Valeria se apoyó en la baranda del puente.

—¿Y qué has recordado tú?

Él respiró hondo.

—Que nos debíamos una conversación desde hace diez años. Que no fue solo la distancia lo que nos separó, sino el miedo. Yo me sentí traicionado cuando te fuiste sin despedirte.

—Y yo me sentí rota cuando supe lo de la carta —respondió ella.

Gabriel bajó la mirada, avergonzado.

—Mi madre... Ella la escondió. Creía que estaba protegiéndome. Yo no lo supe hasta que volviste.

Valeria tragó saliva. La vieja herida se reabría, pero ya no dolía con la misma intensidad. Quizás porque ahora podían hablarlo. Porque por fin estaban mirando en la misma dirección.

—¿Y ahora qué? —susurró ella.

—Ahora… quiero comenzar de nuevo —dijo Gabriel, acercándose con cautela—. No como si nada hubiera pasado, sino reconociendo todo lo que nos ha traído hasta aquí.

Se tomó un momento. Sus dedos rozaron los de ella sobre la baranda.

—¿Puedo?

Valeria asintió. El primer beso no fue una explosión, sino una caricia lenta, una llama que despertaba entre las sombras del tiempo. El río debajo no cesaba de hablar.

Ese fue solo el inicio. El capítulo continuará con los nuevos conflictos tras esta reconciliación, revelaciones familiares ligadas a Don Ernesto, y decisiones que pondrán a prueba el lazo entre Valeria y Gabriel.

La lluvia caía suave sobre el Valle del Milagro, como si el cielo supiera que era necesario purificarlo todo antes de dar paso a lo nuevo. Las hojas de los cafetales brillaban bajo las gotas, y el aroma a tierra mojada envolvía el aire con una intensidad que despertaba recuerdos dormidos.

Valeria observaba la lluvia desde la ventana de la casa de su abuela, con una taza de té de hierbaluisa entre las manos. Doña Teodora dormía en su habitación, recuperándose de una noche agitada. La enfermedad avanzaba lento pero constante, y aunque los cuidados médicos mantenían a raya lo peor, Valeria sabía que el tiempo que le quedaba junto a ella era un regalo que debía aprovechar.

Un golpe suave en la puerta la hizo girar. Gabriel entró sin esperar respuesta, empapado hasta los hombros, con el cabello pegado a la frente y los ojos brillantes como siempre que algo importante le cruzaba por el pecho.

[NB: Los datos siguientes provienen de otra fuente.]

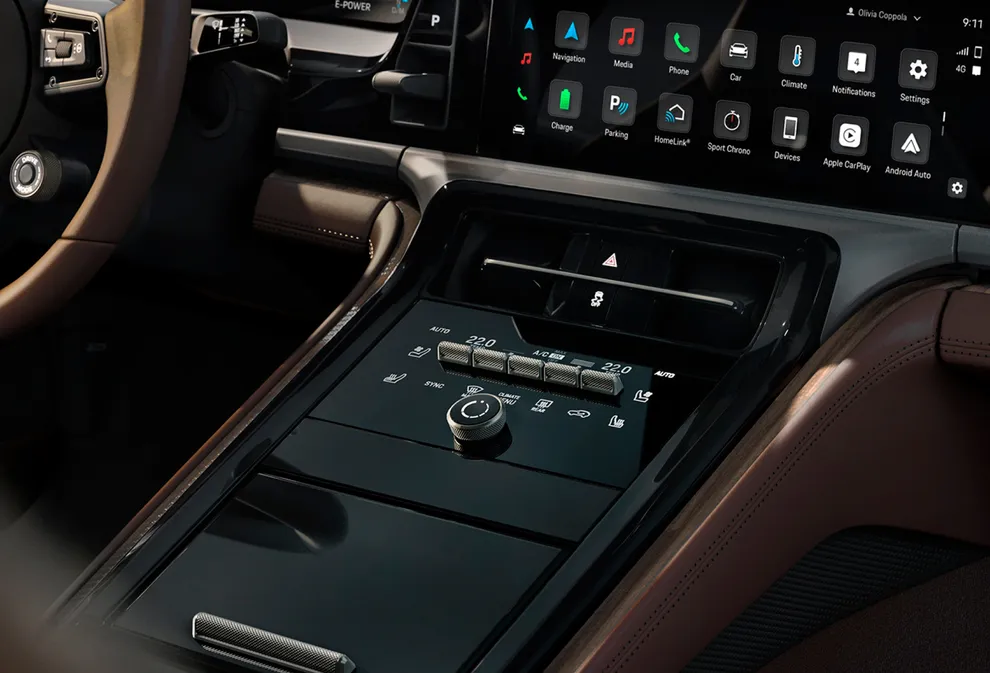 Porsche Panamera Turbo E-Hybrid Executive interior: detailed view of the centre console with climate control and charging cradle for a mobile phone.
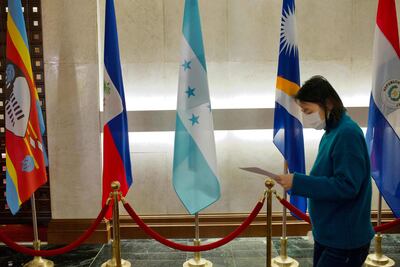 Una mujer camina junto a una bandera de Honduras en el Ministerio de Relaciones Exteriores de Taiwán, en Taipei.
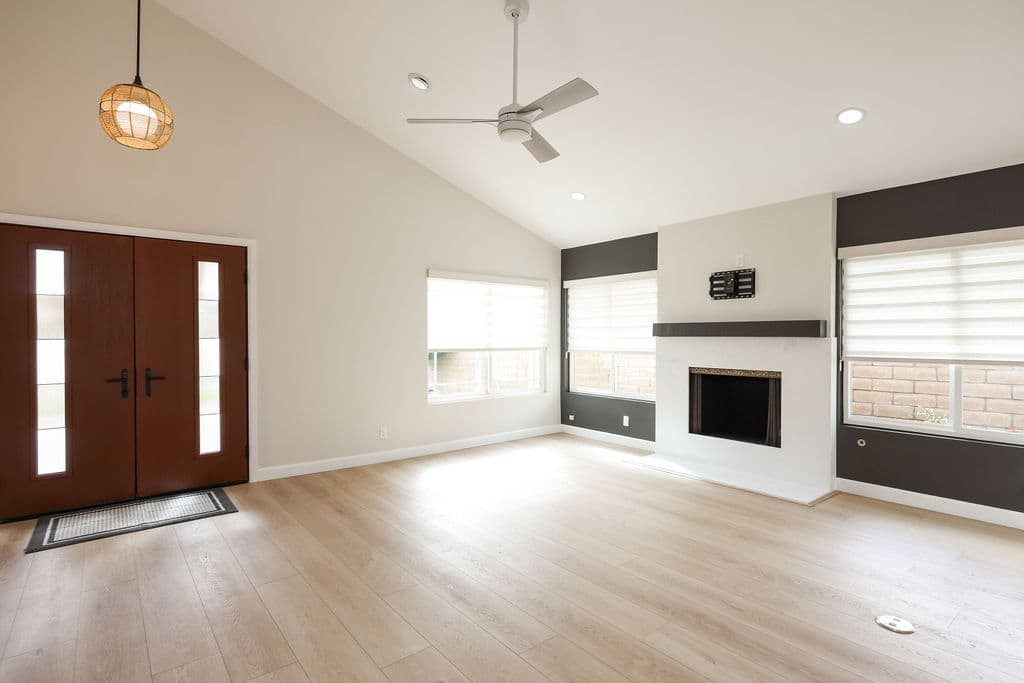Open great room with vaulted ceiling, double wood entry doors and modern fireplace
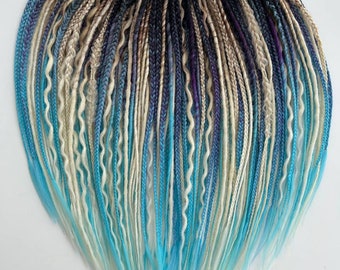 May include: A set of synthetic dreadlocks in various shades of blue, white, and black. The dreadlocks are arranged in a heart shape and have a ombre effect, transitioning from dark to light.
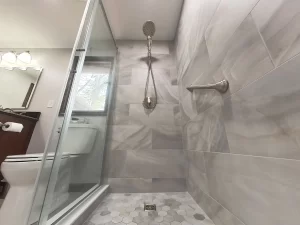 Close-up of a shower with marble tile, rain shower head, and grab bar in a bathroom remodel by Stately Kitchen and Bath in Gettzville, NY, featuring a glass door and hexagonal floor tiles.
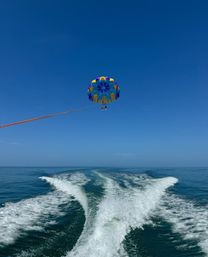 Colorful parasail carrying two riders above a calm blue ocean, trailing a boat's V-shaped wake under a clear sky.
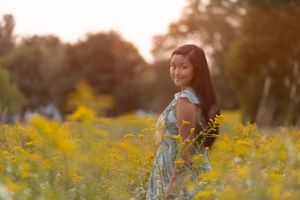 Person in flowy dress standing among yellow wildflowers at golden hour.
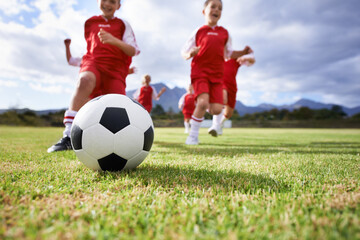 Running, closeup and sports with children and soccer ball on field for training, competition and fitness. Teamwork, summer and action with football player on pitch for goals, energy and kids game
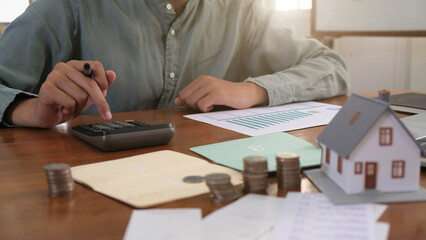 View Of coin stack with house model on green background, savings plans for housing, financial concept,Mortgage loading real estate property with loan money bank concept.Property Tax Concept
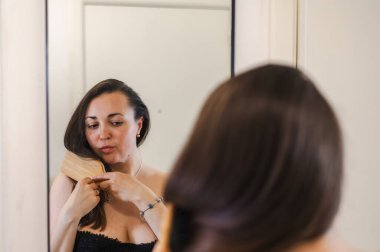 Bir kadın, günlük güzellik hizmetinin bir parçası olarak saçlarını nazikçe tarar. Sağlıklı, pürüzsüz ve bakımlı kilitleri teşvik eder..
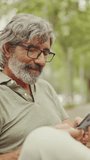 VERTICAL VIDEO: Middle-aged man with gray hair and beard wearing casual clothes sits on bench and uses mobile phone. Mature man in eyeglasses raises his head, looks at the camera and smiles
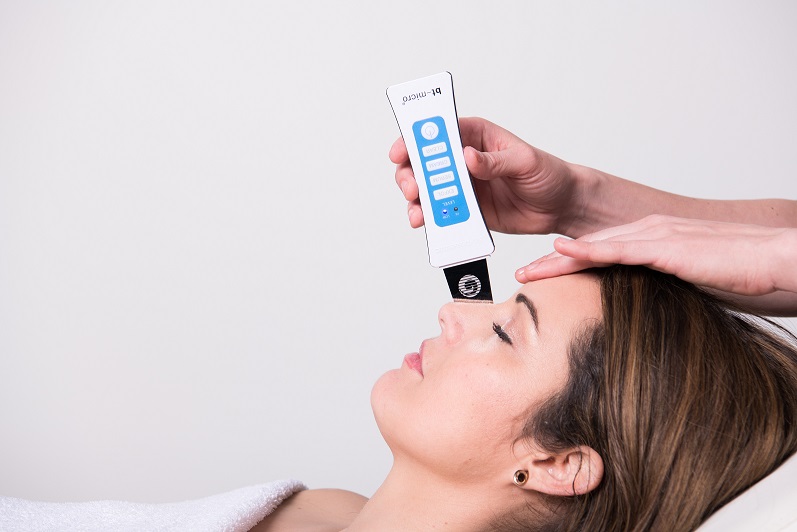 Client receiving a skin care treatment with a handheld device
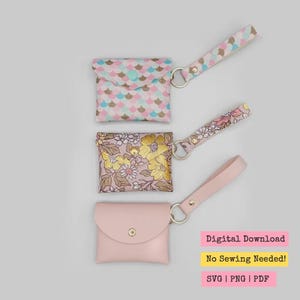 Könnte beinhalten: Drei kleine Beutel mit Handschlaufen. Der obere Beutel hat ein rosa-, blau- und goldfarbenes Schuppenmuster. Der mittlere Beutel hat ein Blumenmuster mit gelben und rosa Blüten. Der untere Beutel ist einfarbig rosa.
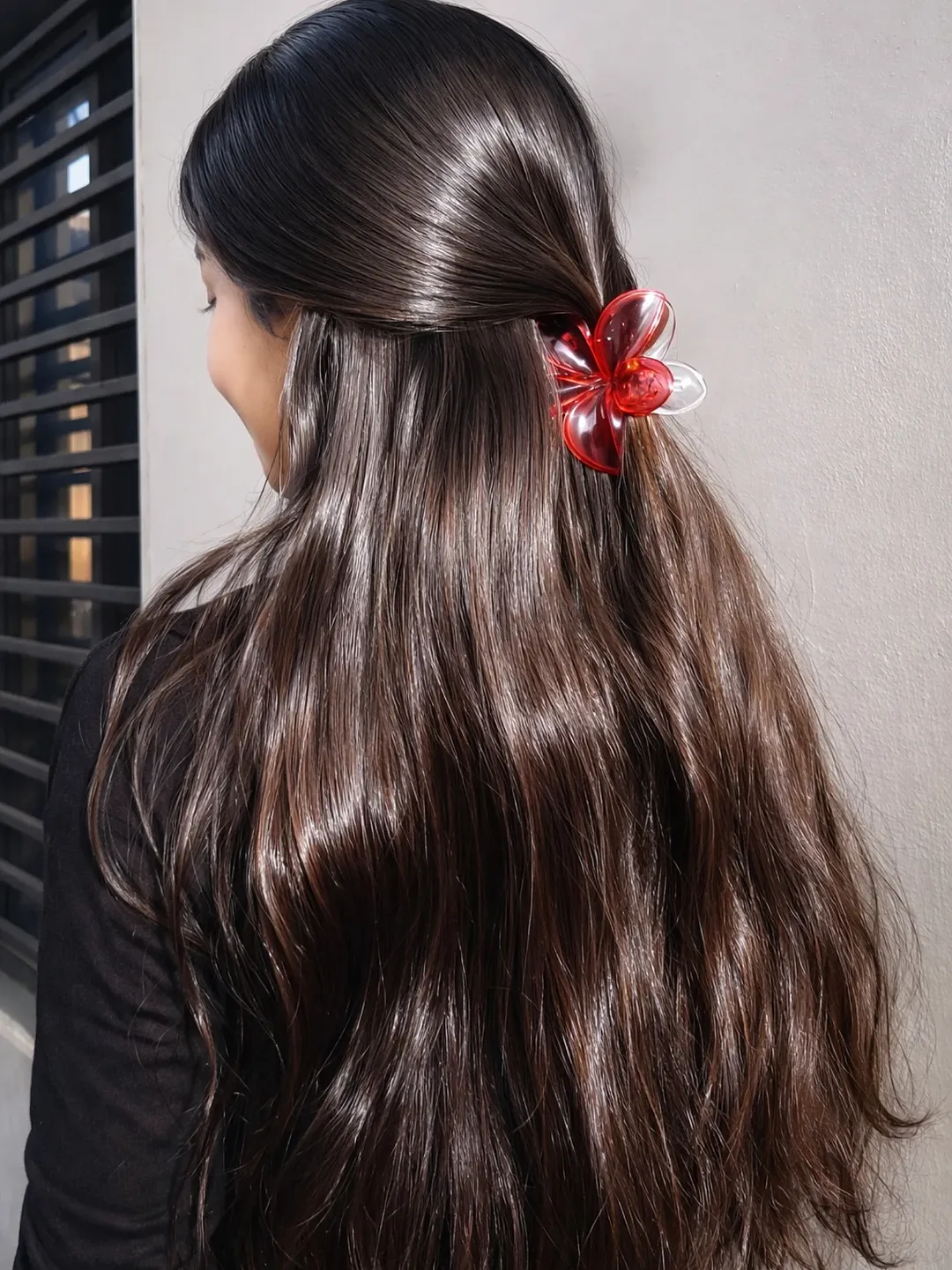 Blonde woman with long, sun-kissed hair in a relaxed messy bun, perfect for summer hairstyles for long hair 2026. She wears a white tank top and gold hoops.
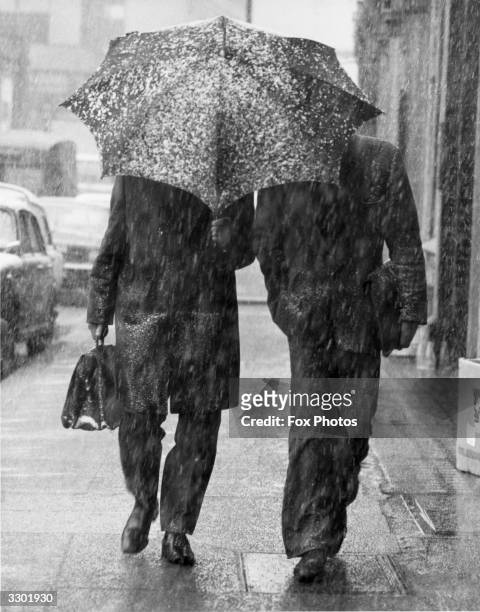 Two city gents, one caught without his overcoat walking in Farringdon Road, share an umbrella as snow falls across London.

—¿Estás bien? —preguntó, dejando el impermeable en el perchero junto a la entrada.

—Sí —respondió ella, esbozando una sonrisa débil—. Teodora está descansando. Hoy fue una mañana dura.

—¿Puedo verla?

—Claro. Pero no la despiertes, por favor. Está muy cansada.

Gabriel asintió y se acercó en puntillas a la habitación. Observó a la anciana con un respeto silencioso, como quien contempla la raíz de un árbol que sostiene toda la memoria del bosque. Luego regresó a la sala y se sentó frente a Valeria.

—He hablado con el ingeniero del Ministerio de Agricultura. Hay un proyecto que podríamos traer al Valle, pero necesitamos el respaldo de los comuneros y, bueno… también el de Ernesto.

Valeria frunció el ceño.

—¿Don Ernesto? ¿Él se interesa en algo más que su hacienda?